Copy out exactly, from the entries that follow, the line holding "#emirates #travel #aviation", the line holding "Situasjonsplan som viser", and all lines between them, but no pictures.

→ **Records for the task**
[Start of Attachment]

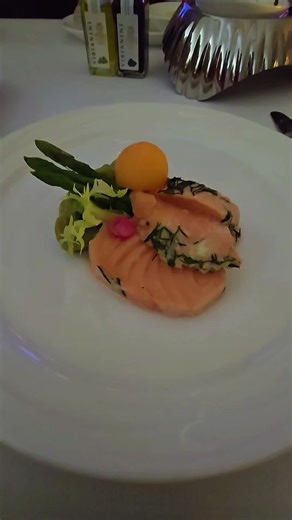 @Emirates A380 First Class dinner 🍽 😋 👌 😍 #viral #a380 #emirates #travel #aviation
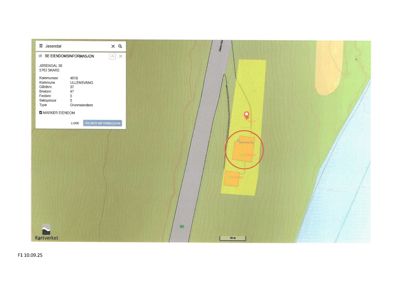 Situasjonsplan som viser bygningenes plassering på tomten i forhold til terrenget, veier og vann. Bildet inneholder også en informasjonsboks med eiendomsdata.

[End of Attachment]
[Start of Attachment]

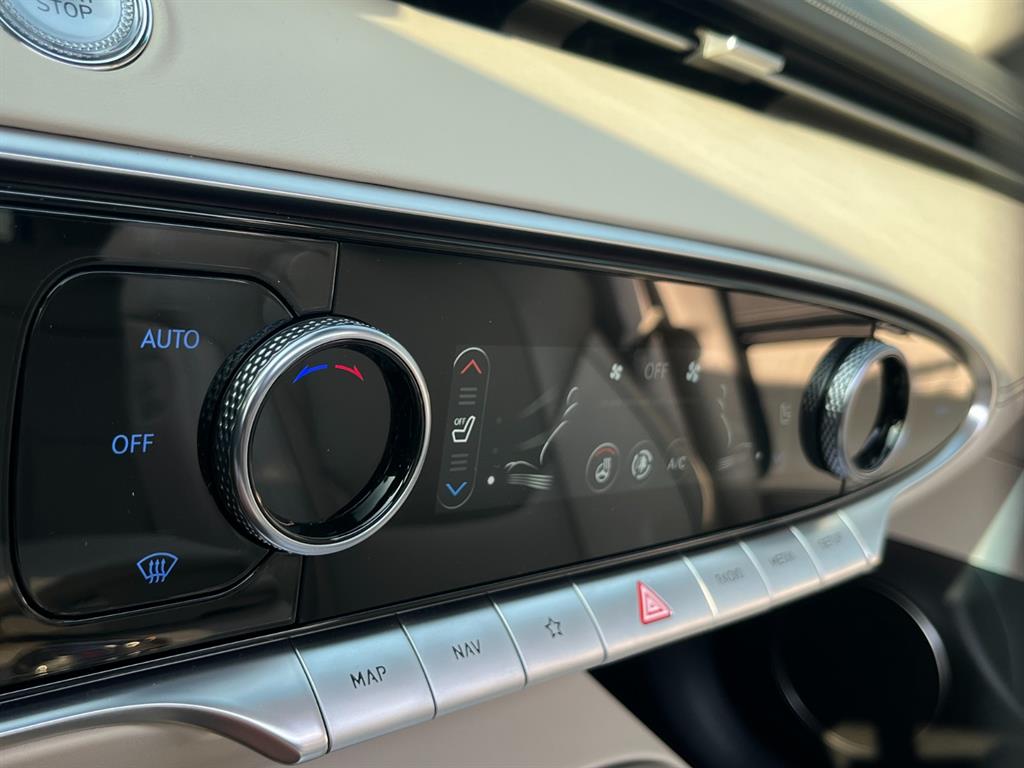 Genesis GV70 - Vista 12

[End of Attachment]

→ **Solution for this task**
 @Emirates A380 First Class dinner 🍽 😋 👌 😍 #viral #a380 #emirates #travel #aviation
 Situasjonsplan som viser bygningenes plassering på tomten i forhold til terrenget, veier og vann. Bildet inneholder også en informasjonsboks med eiendomsdata.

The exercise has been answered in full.